Hochpräzise Fertigung
In den Produktionshallen drehen sich Glaskeramikblöcke. Sie werden von Robotern mit atomarer Präzision poliert - in einem extrem langwierigen Verfahren. Kern der Zeiss-Optik sind Spiegel, die "50.000 Mal präziser gefertigt sind als gewöhnliche". Diese lenken einen speziellen Laserstrahl mit extremer Genauigkeit auf eine Siliziumscheibe, worauf kleinste Schaltkreise entstehen - die Halbleiter-Mikrochips.
Das Besondere ist, dass durch einen Hochleistungs-CO2-Laser und ein spezielles Verfahren ein extrem präzises, ultraviolettes Licht erzeugt wird. Dadurch sind die wichtigen Halbleiter-Strukturen auf dem fertigen Mikrochip am Ende nur wenige Nanometer groß. Zum Vergleich: Ein menschliches Haar ist 50.000 Nanometer dick.
Gigantische Nachfrage in der Industrie
Die so hergestellten immer kleineren Halbleiter ermöglichen immer leistungsfähigere Computerchips. Während ein Chip im Jahr 1970 noch 1.000 Transistoren besaß, kommt der eines Smartphones heute bereits auf mehr als 57 Milliarden Transistoren. Peter Kürz hält dafür ein Handy hoch, bei dem der eingebaute Chip erkennbar ist. "Wir sorgen mit unserer Technik dafür, dass Chips von der Größe eines Fingernagels zukünftig viel leistungsfähiger werden."

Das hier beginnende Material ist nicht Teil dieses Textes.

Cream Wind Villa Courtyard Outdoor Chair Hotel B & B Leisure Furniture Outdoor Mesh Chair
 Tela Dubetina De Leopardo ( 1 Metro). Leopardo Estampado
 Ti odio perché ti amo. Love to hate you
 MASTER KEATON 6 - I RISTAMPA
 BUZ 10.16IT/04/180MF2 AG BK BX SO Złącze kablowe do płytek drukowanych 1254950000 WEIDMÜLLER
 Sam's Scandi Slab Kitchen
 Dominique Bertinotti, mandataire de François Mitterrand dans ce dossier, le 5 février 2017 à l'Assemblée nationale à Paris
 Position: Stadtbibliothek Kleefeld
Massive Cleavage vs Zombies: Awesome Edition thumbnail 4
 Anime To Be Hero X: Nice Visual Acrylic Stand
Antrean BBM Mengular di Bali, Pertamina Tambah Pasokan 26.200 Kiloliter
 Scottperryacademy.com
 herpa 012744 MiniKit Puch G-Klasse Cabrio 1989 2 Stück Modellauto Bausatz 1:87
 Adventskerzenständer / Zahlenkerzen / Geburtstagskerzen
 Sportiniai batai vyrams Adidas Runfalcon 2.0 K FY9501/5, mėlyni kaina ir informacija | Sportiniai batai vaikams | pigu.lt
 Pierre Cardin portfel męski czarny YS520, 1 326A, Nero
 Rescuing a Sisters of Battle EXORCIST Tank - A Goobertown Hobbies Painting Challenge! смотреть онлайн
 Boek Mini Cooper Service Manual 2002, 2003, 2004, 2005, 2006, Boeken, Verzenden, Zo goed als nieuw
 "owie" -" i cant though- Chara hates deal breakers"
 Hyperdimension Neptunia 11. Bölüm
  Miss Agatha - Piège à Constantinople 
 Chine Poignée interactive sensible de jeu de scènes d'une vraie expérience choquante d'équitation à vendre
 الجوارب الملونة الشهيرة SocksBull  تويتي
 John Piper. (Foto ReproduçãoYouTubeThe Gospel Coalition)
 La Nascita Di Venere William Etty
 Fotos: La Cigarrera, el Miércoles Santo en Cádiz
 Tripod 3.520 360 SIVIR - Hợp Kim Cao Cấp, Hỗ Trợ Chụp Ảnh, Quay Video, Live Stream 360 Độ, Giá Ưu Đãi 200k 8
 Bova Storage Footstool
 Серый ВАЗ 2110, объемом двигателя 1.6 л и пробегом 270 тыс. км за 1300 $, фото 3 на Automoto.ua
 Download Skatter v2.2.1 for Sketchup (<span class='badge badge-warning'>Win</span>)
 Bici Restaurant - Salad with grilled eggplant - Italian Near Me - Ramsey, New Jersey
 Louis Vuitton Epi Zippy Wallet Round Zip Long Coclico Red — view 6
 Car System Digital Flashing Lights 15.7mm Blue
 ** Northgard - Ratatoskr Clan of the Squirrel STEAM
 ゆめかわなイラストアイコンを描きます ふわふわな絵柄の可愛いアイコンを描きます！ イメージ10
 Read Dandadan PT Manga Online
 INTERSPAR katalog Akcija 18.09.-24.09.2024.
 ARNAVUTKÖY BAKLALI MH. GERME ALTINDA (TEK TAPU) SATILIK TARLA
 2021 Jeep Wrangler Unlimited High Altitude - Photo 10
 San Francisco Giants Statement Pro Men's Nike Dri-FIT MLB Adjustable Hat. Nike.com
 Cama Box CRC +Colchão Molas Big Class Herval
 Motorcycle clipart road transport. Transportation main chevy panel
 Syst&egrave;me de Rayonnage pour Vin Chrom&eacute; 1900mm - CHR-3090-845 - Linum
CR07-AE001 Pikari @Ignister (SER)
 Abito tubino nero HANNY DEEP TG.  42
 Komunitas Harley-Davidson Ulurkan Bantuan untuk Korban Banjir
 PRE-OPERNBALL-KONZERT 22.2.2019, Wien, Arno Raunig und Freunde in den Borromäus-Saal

Die Nachfrage danach in der Industrie ist gigantisch, denn für Trends wie künstliche Intelligenz, autonomes Fahren und das Internet der Dinge sind Hightech-Unternehmen weltweit angewiesen auf deutlich leistungsfähigere Mikro-Prozessoren. Die Maschinen dafür stellt der strategische Partner von Zeiss her: der niederländische Konzern ASML.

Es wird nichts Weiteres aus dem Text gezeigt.